Safety is not my goal. You read that right—Safety is NOT my goal. Have you ever noticed the sign on the back of pick-up trucks (usually construction company trucks) that state that “SAFETY IS MY GOAL.” I strongly recommend that when you see one of those trucks, do not pass the truck; I repeat, do not pass the truck. It’s obvious that if the driver is aiming towards safety, he just hasn’t gotten there yet. Better to stay behind him and see where he heads. Who knows, maybe there’s a sale at the local home improvement store and he’s planning on buying a bucket or two of safety.
Whenever I see one of those signs, I think about how some of this safety stuff just doesn’t make sense. Don’t get me wrong; I’m all for workers not getting hurt, injured, maimed, crushed, decapitated, dismembered, paralyzed or killed. However, when you see a sign that declares that safety is a goal, it suggests to me that perhaps we are misunderstanding the concept. According to Webster’s dictionary, safety is “the state of being safe from the risk of experiencing or causing injury, danger or loss.” This of course, makes you wonder what the definition of safe is. Safe: “Offering security from harm or danger; free from injury or risk.” By these definitions, your friendly pick-up truck driver is looking for safe haven and has yet to arrive, suggesting that he/she is not safe—yet.

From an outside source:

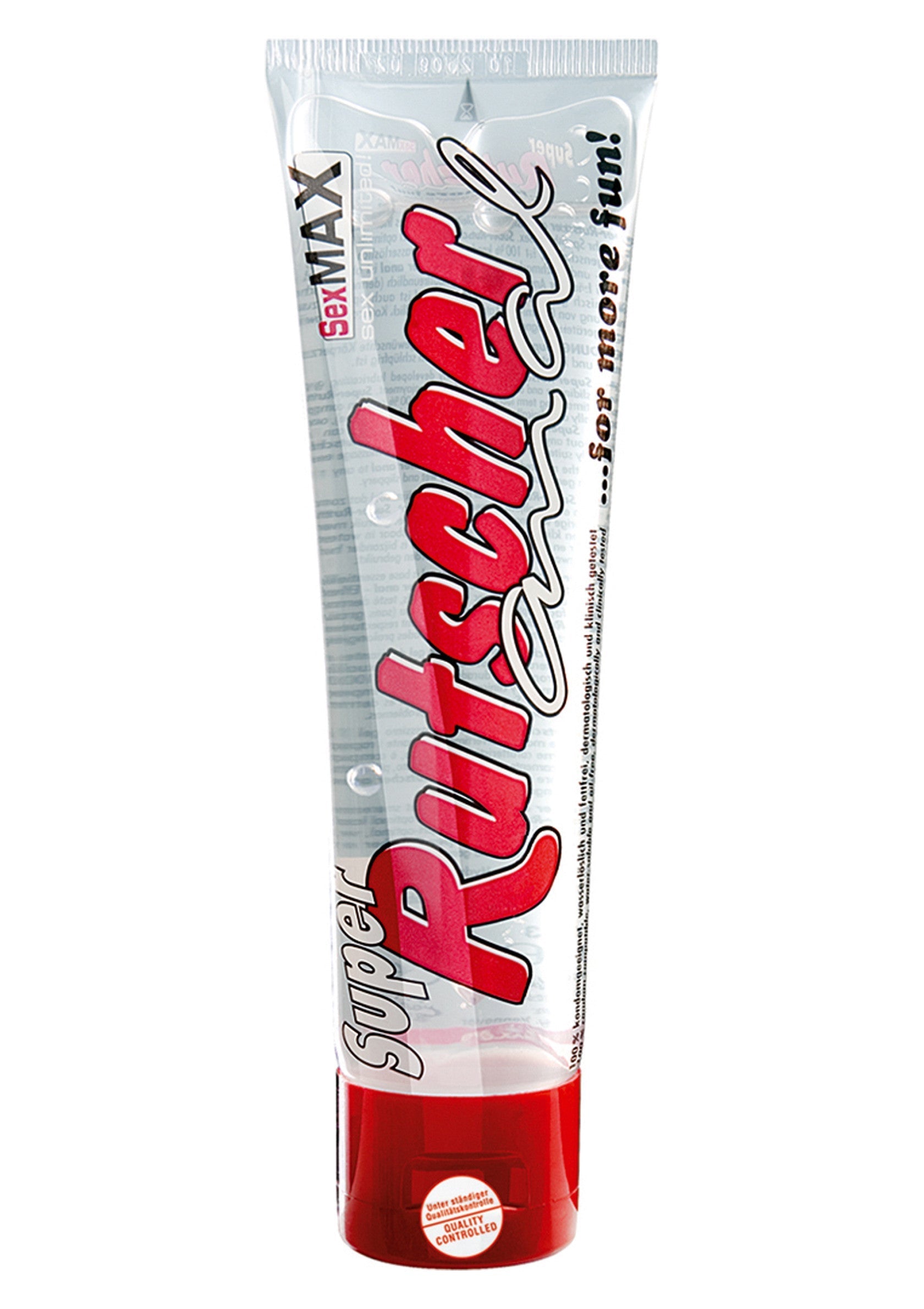 Super Putzscher SexMax pour plus de plaisir. Gel lubrifiant pour des moments intimes.; Super Putzscher SexMax voor meer plezier. Glijmiddel voor intieme momenten.; Super Putzscher SexMax for more fun! Lubricant for intimate moments and sensual play.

That is precisely why you want to stay behind the truck! As long as we’re ripping on the truck driver, we should probably figure out what goal means, which is: “The result or achievement toward which effort is directed.” So, there you have it: The driver is indeed driving to his/her goal of achieving the desired result which seems to be finding a safe house, or some such similar place where peace and tranquility reside while harm and danger are prohibited from entering. This doesn’t sound so good since the road to tranquility is typically paved with danger and despair.Basically, safety is a process, a habit, a way of doing things; it is not a goal. Safety is like the universe in that there is no end. You cannot acquire safety, you can only practice it. You can use it, you can apply it, you can reap the rewards of safety but you can never buy it like you would the pickup truck with that disdainful sticker.
There must be another way to approach the concept of safety and of course there is. It appears to me that treating safety as a stand-alone entity is neither wise nor effective. Safety is not a product that can be purchased down at the local hardware store. Safety is integral to your daily habits, just as putting on your pants and shoes is a habit. The foreman never tells you to wear your pants but he’ll tell you to put on your safety glasses. Why? After all, you don’t really need pants to do your work any more than you need safety glasses to do your work. He doesn’t tell you to wear a coat and hat in winter but you do, don’t you. But yet, he has to remind you to install your ear plugs. Why is that?
Somewhere back in your younger days you were told to not run with scissors in your hands. Were you told why? I don’t recall that I was. What else were you taught about safety back in those formative days? When were you taught about the use of ear plugs, respirators, gloves, hard hats, safety glasses and steel toed boots? I’ll bet it wasn’t in grade school. When you were young you were never taught to include safe practices in your everyday activities. Sure, you were taught to not run out in the street but did any of your teachers really explain how to carefully consider your actions to minimize the risk of getting hurt? I doubt it. You didn’t learn anything useful about jobsite safety until you got a job. And even then, depending on the employer, you may have learned nothing.
This whole idea of safety is relatively new to society. An entire industry has been built on the idea that safety is separate from other work activities. We have safety professionals, safety managers, and even safety consultants. We put up signs that tell us how many days we have been safe, that is nobody got injured or killed. Have you ever seen a sign that tells us how many days the employees showed up wearing pants? (I’d love to see that sign!) Why do we have to tell everyone that we didn’t maim anyone for the past 30 days or whatever record we want to brag about? If everyone on the job is really safe, that is working productively without risk of injury or death, aren’t these employees just doing their jobs? There should be nothing special about not getting your head cut off while at work.
Fortunately, there are changing habits on the jobsite. For example, more Job Hazard Analyses (JHA) are being conducted prior to the start of work, allowing employees to actually incorporate the best practices when undertaking their work for the day. These best practices will naturally include the safest way to do the work. In other words, safety is not separate but rather is integral to the means and methods of doing the work. If pants are needed, wear them; if ear plugs are needed, wear them; if a saw is needed, choose the right one for the task at hand.
Safety isn’t that complicated, nor should it be. It only gets complicated when we make it so. It’s easy and straightforward; do your work correctly and the safety will be there. There should be no need to emphasize safety or make it a goal. That would be counterproductive and unsafe.